-- PROBLEM --
Images excepted, the data below must be repeated exactly.

-- DATA BELOW --
━━━━━━━━

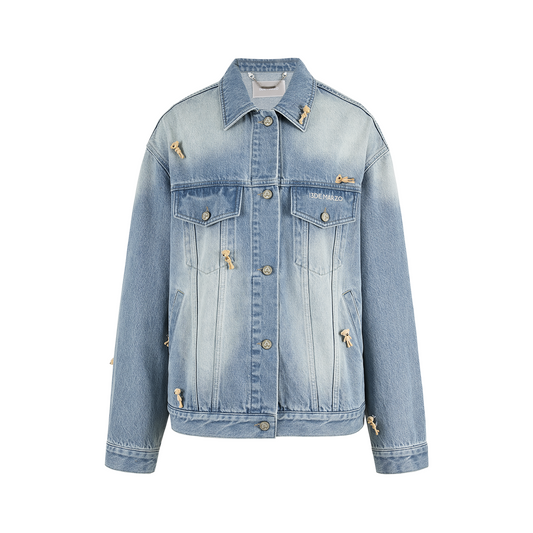 13DE MARZO All-Over Flocked Bear Denim Jacket Blue
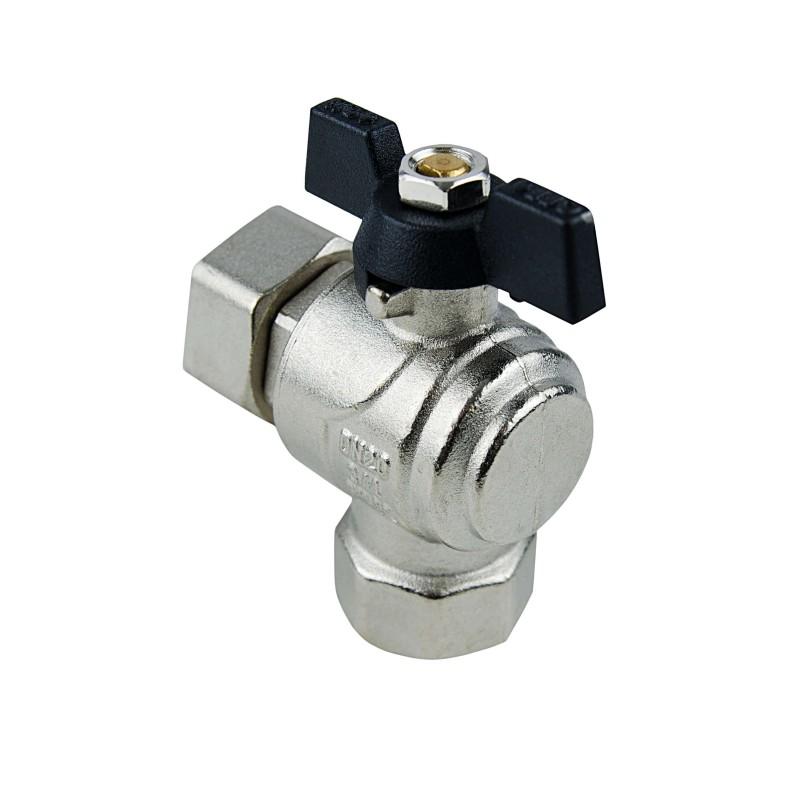 Крани серії Black Raftec BLACK Кран кутовий кульовий з накидною гайкою В/В DN20 (3/4) PN40 чм DRBZ2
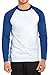 TOP PRO Men's Full Length Sleeve Raglan Cotton Baseball Tee Shirt (S, Royal Blue/White)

━━━━━━━━

-- TASK SOLUTION --
 13DE MARZO All-Over Flocked Bear Denim Jacket Blue
 Крани серії Black Raftec BLACK Кран кутовий кульовий з накидною гайкою В/В DN20 (3/4) PN40 чм DRBZ2
 TOP PRO Men's Full Length Sleeve Raglan Cotton Baseball Tee Shirt (S, Royal Blue/White)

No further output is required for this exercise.